The intensity of competition in an industry determines the degree to which investment inflows drive returns to the free market level, hence the ability of firms in the industry to sustain above average returns. Intensity of competition is not a matter of luck. The underlying economic and technological characteristics of the industry determine the strength of the five basic competitive forces—threat of new entrants, bargaining power of buyers, rivalry between existing competitors, threat of substitute products and bargaining power of suppliers. These forces range from intense in industries like tires, paper and steel, where no firm earns spectacular returns, to mild in industries such as oil field equipment and services, cosmetics and toiletries, where high returns are common.
The goal of competitive strategy for a company is to find a position in its industry where these competitive forces will do it the most good or the least harm.
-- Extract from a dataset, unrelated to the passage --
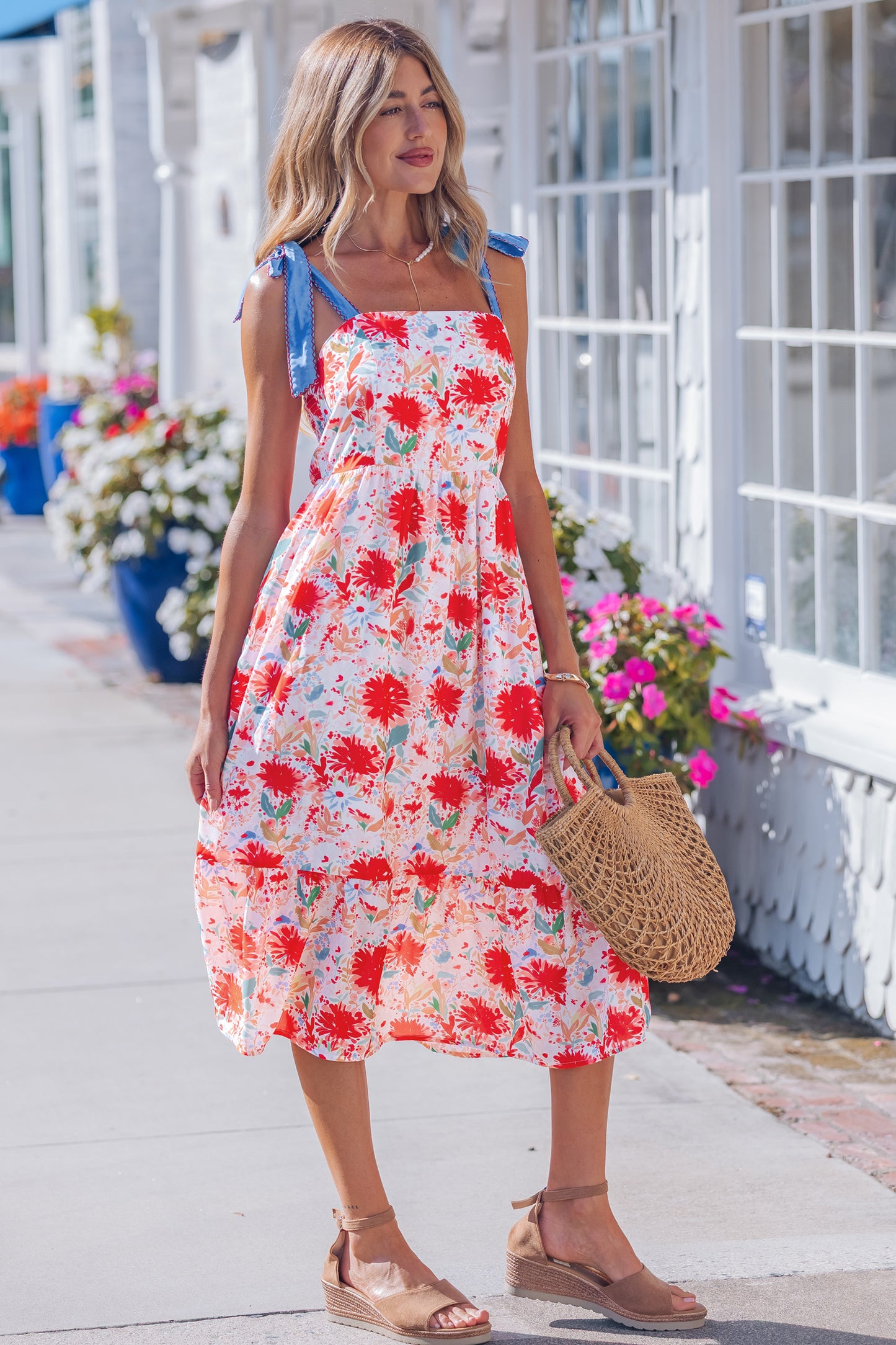 Yellow Floral Print Contrast Stitched Knot Denim Straps High Waist Dress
A company may take a defensive posture, positioning itself so that its capabilities provide the best defense against the existing array of competitive forces. Alternatively, it can take an offensive approach by developing strategies designed to influence the balance of existing forces or to exploit a change in the competitive balance before rivals recognize it.
The first step in structural analysis is an assessment of the competitive environment in which the company operates—the basic competitive forces and the strength of each in shaping industry structure. The second is an assessment of the company’s own strategy—of how well it has positioned itself to prosper in this environment. Taken together, these steps are the key to forecasting a company’s earning power.